I found out recently that next academic year I’ll be chair of the Modern Language Association’s Committee on Academic Freedom and Professional Rights and Responsibilities. We had our last Skype meeting of the year the other day, and talked about the things we usually talk about, which amount to different ways we’re trying to help the MLA help people working in modern language departments. In addition to reminding me how weird Skype (technically, Zoom) meetings can be, like when you knock your chair against your desk and the mic picks it up and all of the sudden it’s your backlit head filling everybody’s screen as if you had a point to make when you might only be thinking about lunch, say, the meeting also led me to think about associations like the MLA.
That meeting also leads me to want to hear from you, Imagined Reader, about what you think the committee should be focusing on.
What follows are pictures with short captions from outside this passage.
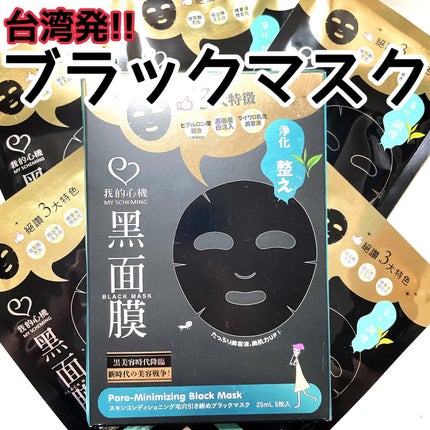 スキンコンディショニング毛穴引き締め ブラックマスク/我的心機/シートマスク・パックを使ったクチコミ(1枚目)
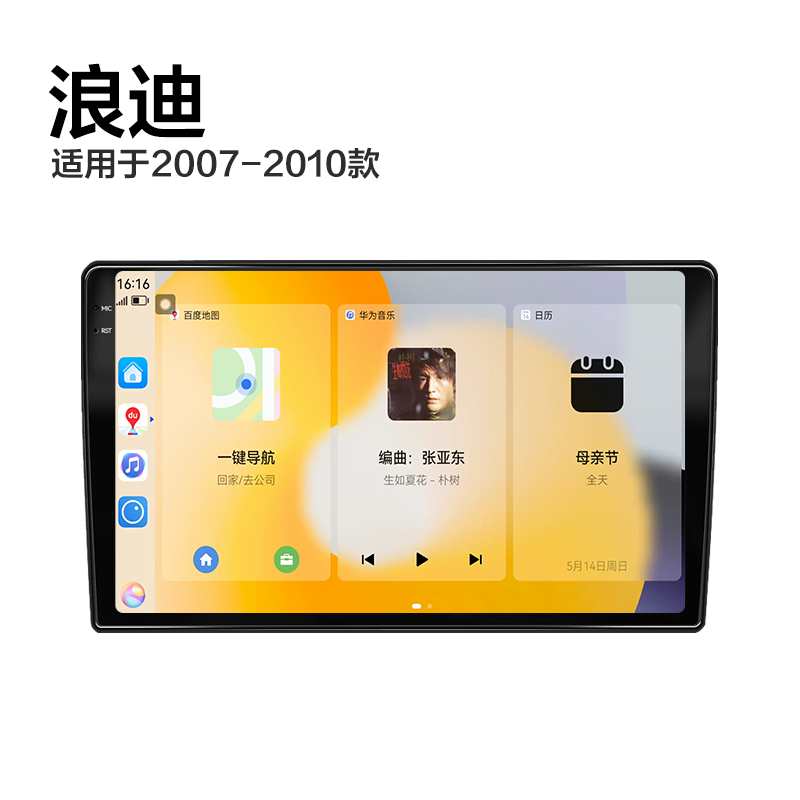 展讯八核CPU 8G运存 2K量子屏 无线Carplay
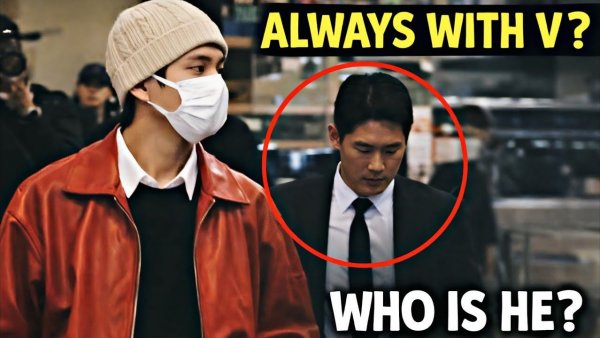 Этот человек – тень Тэхёна, он всегдя рядом с ним.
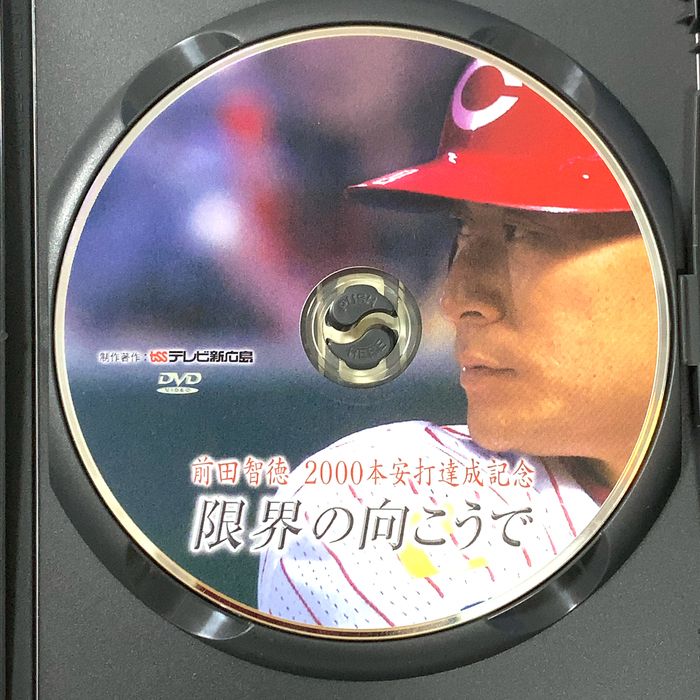 前田智徳 2000本安打達成記念 限界の向こうで tssテレビ新広島 前田
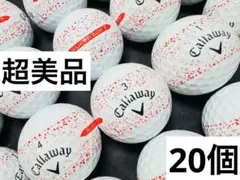 キャロウェイ SUPERSOFTSPLATTER360 年式混合 20個　レッド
We get inquiries throughout the year from people reporting on specific situations (e.g., hiring practices, departmental governance), and we try to tackle larger issues concerning academic freedom and the rights and responsibilities of people working in higher education, ultimately to see if there’s anything the MLA can do to help.
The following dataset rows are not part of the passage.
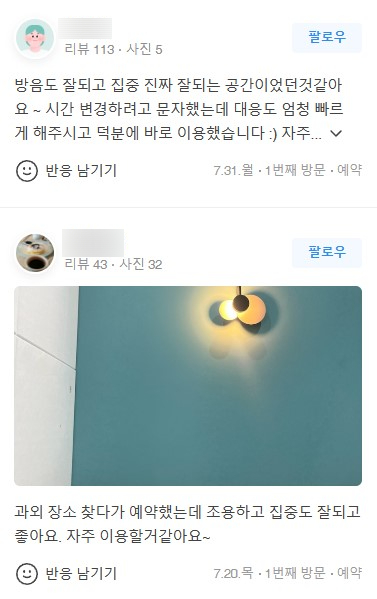 헤이든스터디룸 이미지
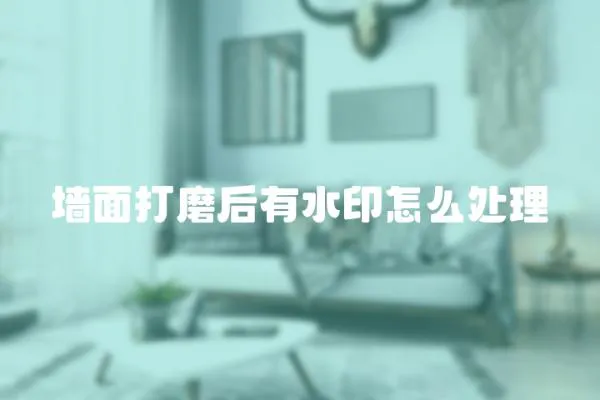 墻面打磨后有水印怎么處理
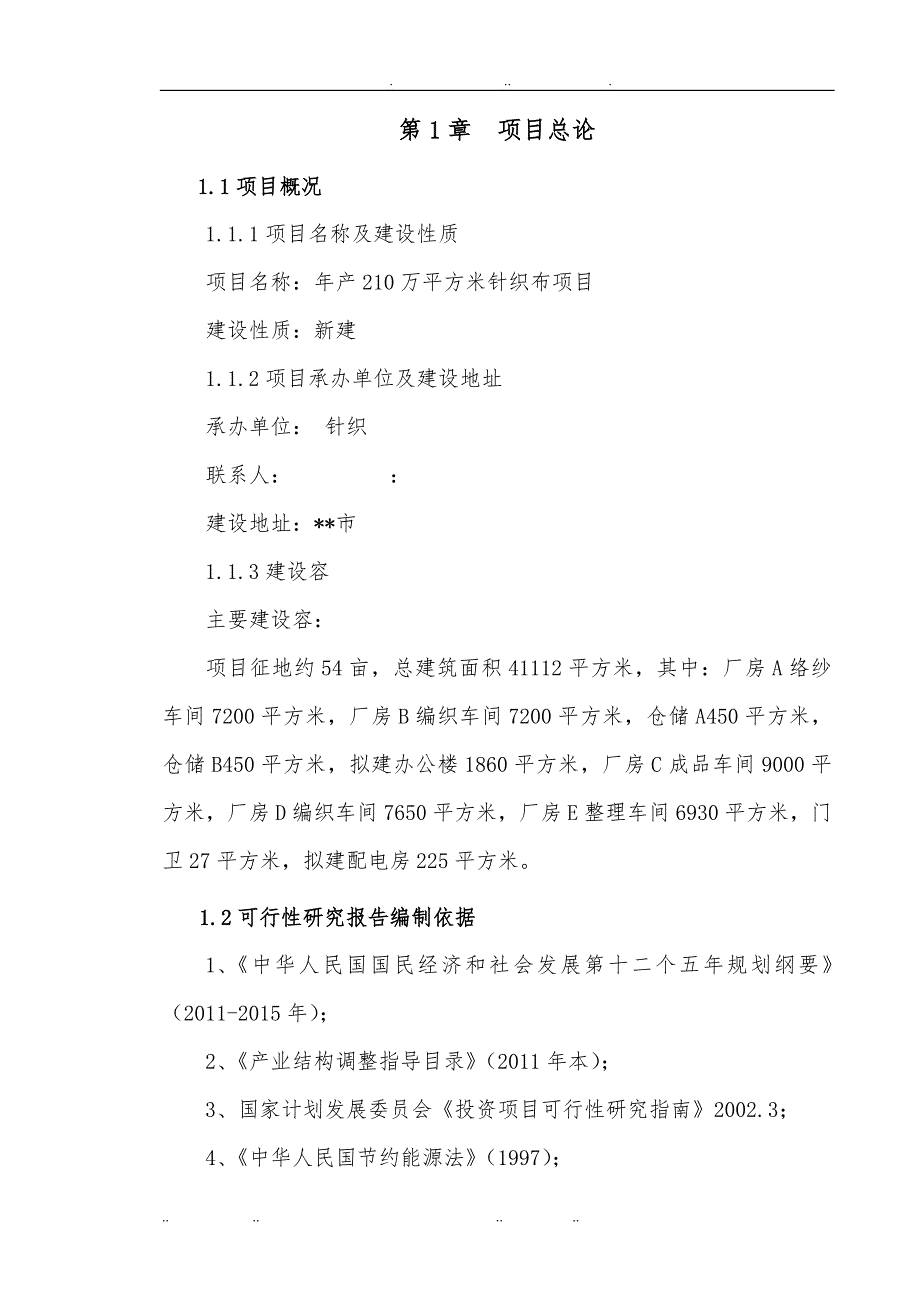 新建年产210万立方米针织布项目可行性实施计划书_第4页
Academic freedom has been an urgent issue lately (urgent AF, you might say, but unlike me would then think better of it). There’s a good interview with political scientist Jeffrey Sachs up on the Chronicle on the subject, particularly on the way certain kinds of incidents involving speech on campus can get blown out of proportion and on whose interests are served when that happens. And CAFPRR will keep talking about this, and sponsoring panels and roundtables at the MLA convention about how to think about and deal with these situations. But I’d like to invite suggestions of other related and unrelated topics. As Sachs points out, the speech of non-tenured instructors, both intramural and extramural, is afforded less or not protection at many institutions, so the question of academic freedom becomes also a question about the effects of the casualization of academic labor. What other questions do you want us to address? Please comment here or send me or anybody on the committee an email if you’ve got ideas.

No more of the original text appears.